Court challenge takes on sex work prohibitions

Lauren Casey, a former prostitute and doctoral student.

Deddeda Stemler/Deddeda Stemler/The Globe and Mail

As police across the country search for scores of missing and murdered women, three prostitutes are launching a carefully prepared challenge that could force changes in how Canada polices the world’s oldest profession.

Lawyers for women intend to prove, in a case that opens Tuesday, that prostitution is also the world’s most dangerous profession and that ill-conceived and repressive laws exacerbate the perils.

“The laws target women and don’t allow women to protect themselves,” said one of the litigants, Terri-Jean Bedford, who has worked as a Toronto street prostitute and a brothel madam. “Nothing can be worse than the laws we have now. I found that working indoors is much safer than working outdoors, especially after midnight, when the freaks come out.”

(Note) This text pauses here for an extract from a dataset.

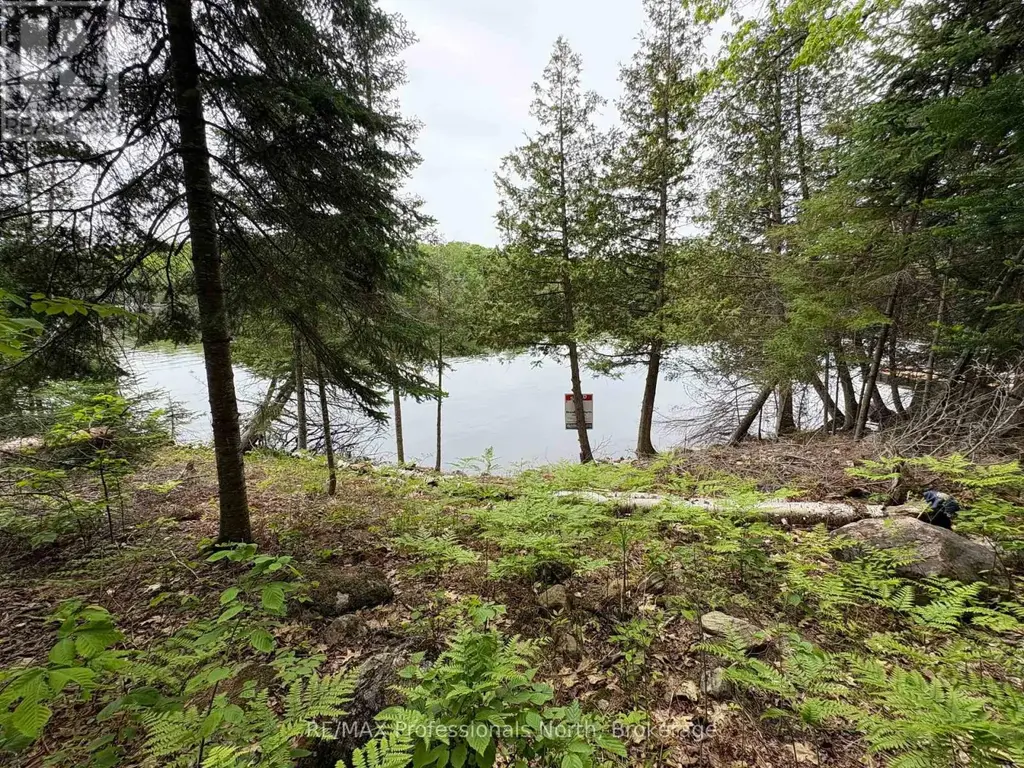 0 Poverty Bay Trail, Minden Hills (Minden)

The law flies in the face of social reality, said Lauren Casey, a former prostitute in Victoria, B.C. “When consenting adults are doing what consulting adults like to do – and there is no harm to it – then we should reduce the harm that is associated with a very dangerous form of work,” she said in an interview.

While sporadic attempts have been made over the years to chip away at aspects of prostitution law, the challenge is the first in two decades to aim for a broad sweep of its provisions. The women want the courts to strike down prohibitions against living off the avails of prostitution, communicating with potential clients and setting up brothels.

To succeed, the applicants must show that the laws amount to a “grossly disproportionate” infringement of the Charter right to life, liberty and security of the person.

With the Charter challenge almost certain to reach the Supreme Court of Canada, both sides have had a strong incentive to assemble a vast body of evidence, including dozens of witnesses.

“As it currently stands, the law is arbitrary and irrational,” said Alan Young, a law professor at York University’s Osgoode Hall law school, who is spearheading the Charter challenge.

“We have created this bizarre situation where prostitution is not directly prohibited, but the state tries to prohibit all the incidental transactions.”

Lawyers for the federal and Ontario Crown are focusing their strategy on proving the inherent dangers of prostitution, whether it is conducted in a car, an open field or a luxurious boudoir. They also contend that prostitution is inherently degrading and unhealthy, and should not be encouraged through a slack legal regime.